Given material Start Marker

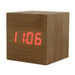 Wooden LED Multi Alarm Clock - Indigo-Temple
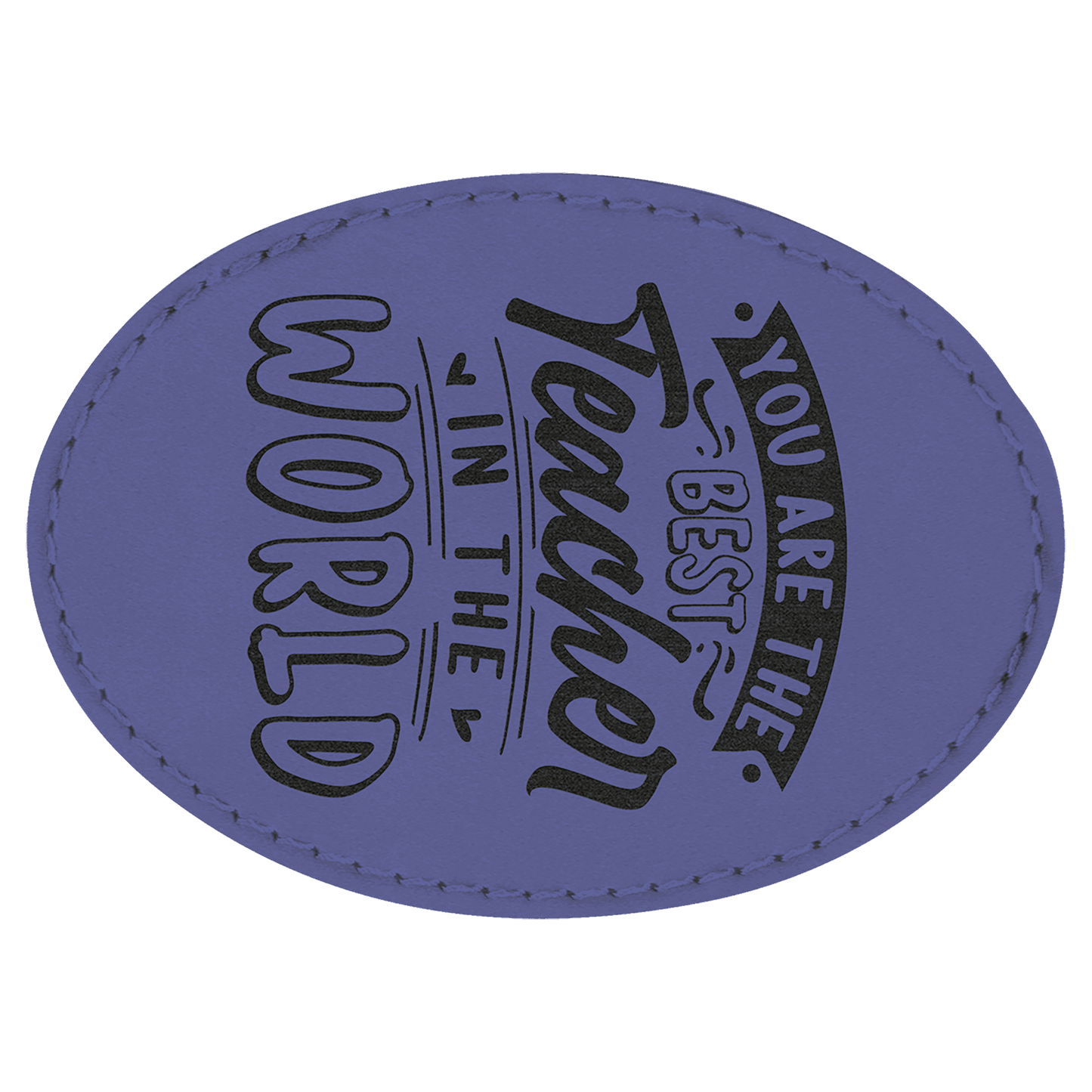 Oval Laserable Leatherette Patch with Adhesive (3 1/2" x 2 1/2" Oval or 3" x 2" Oval)
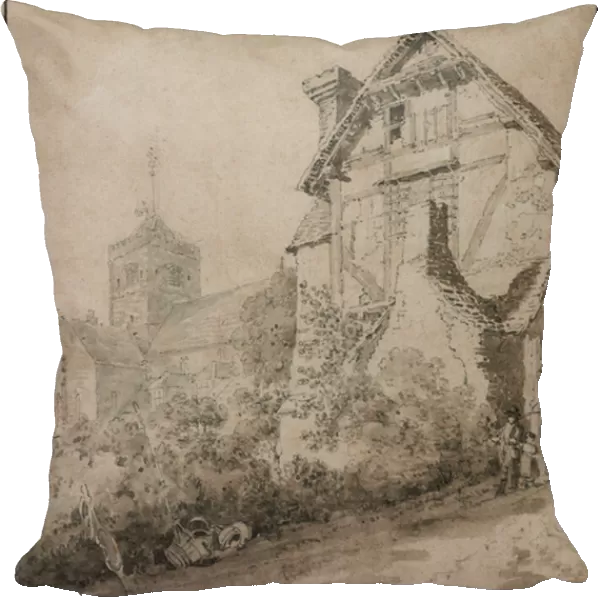 Dorking Church, 1767-1816 (Watercolour)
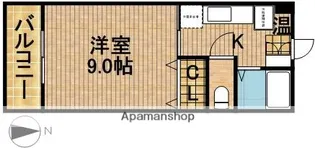 ハイツ173【4階】の間取り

Given material End Marker

--- How to complete this task ---
Once the line containing "Dorking Church, 1767-1816 (Watercolour)" is found, write it out exactly along with every line after it through the end of the listing, excluding pictures.

--- Exercise response ---
 Dorking Church, 1767-1816 (Watercolour)
 ハイツ173【4階】の間取り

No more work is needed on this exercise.